I'm trying to prove a particular series is convergent, and I would like to use the Cauchy integral test for fun, even though it's not the most convenient. I need to evaluate,
$$\int_0^\infty dn \, \frac{x^n}{(3n+1)(3n+2)}$$
for $x\in\mathbb{R}$. Using Mathematica I have found the integral to be,
$$\frac{1}{3x^{2/3}} \left[ x^{1/3}\Gamma(0,-\log(x)/x)-\Gamma(0,-2\log(x)/x)\right]$$
providing $x<1$. So I just need to express the integral in terms of incomplete gamma functions, but I haven't found a substitution. Can someone offer a hint (and not a complete solution)?

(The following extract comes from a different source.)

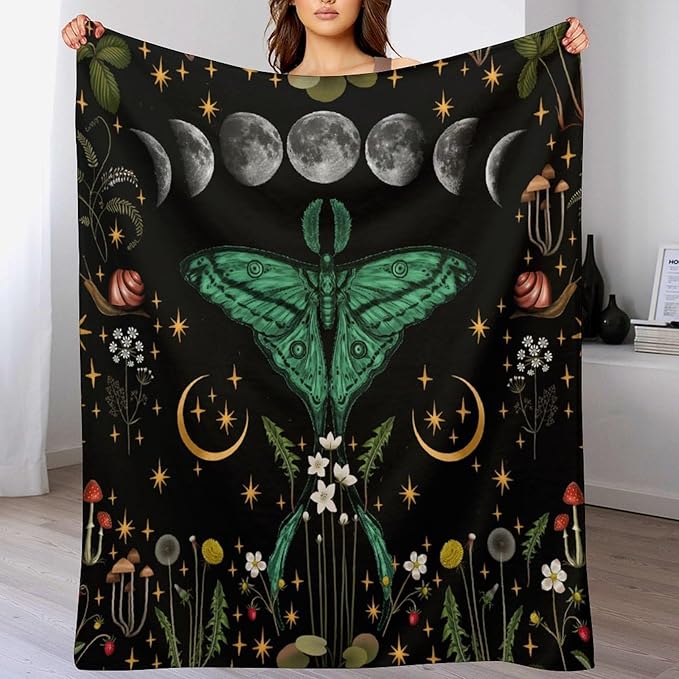 Moon Phase Moth Blanket, Vintage Botanical Mushroom Wildflower Gothic Night Moonlit Mysterious Witchy Throws Blanket for Sofa Bed Couch Chair, 60"x80"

Hint. Recall that the incomplete gamma function may be defined as $$ \Gamma(s,a)=\int_a^{\infty} t^{s-1}e^{-t}dt,\quad a>0, s \in \mathbb{R}. \tag1 $$ Observe that, for $0<x<1$, we have $$ \begin{align} \int_0^\infty dn \,\frac{x^n}{3n+1}&=\int_0^\infty (3n+1)^{-1}x^n \:dn\\\\ &=x^{-\frac13}\int_{0}^\infty (3n+1)^{-1}x^{\frac13 (3n+1)} \:dn\\\\ &=\frac{1}{3}x^{-\frac13}\int_{1}^\infty v^{-1}x^{\frac13 v} \:dv,\quad (v=3n+1),\\\\ &=\frac{1}{3}x^{-\frac13}\int_{-\frac13 \ln x}^\infty t^{-1}e^{-t} \:dt,\quad t= \left(-\frac13 \ln x\right)\times v,\\\\ &=\frac{1}{3 x^{1/3}}\Gamma\left(0,-\frac13 \ln x\right), \end{align} $$ similarly $$ \begin{align} \int_0^\infty dn \,\frac{x^n}{3n+2}&=\frac{1}{3 x^{2/3}}\Gamma\left(0,-\frac23 \ln x\right). \end{align}$$ Then conclude by observing that, by partial fraction decomposition, you have $$\int_0^\infty dn \,\frac{x^n}{(3n+1)(3n+2)}=\int_0^\infty dn \,\frac{x^n}{3n+1}-\int_0^\infty dn \,\frac{x^n}{3n+2},$$ getting the announced result.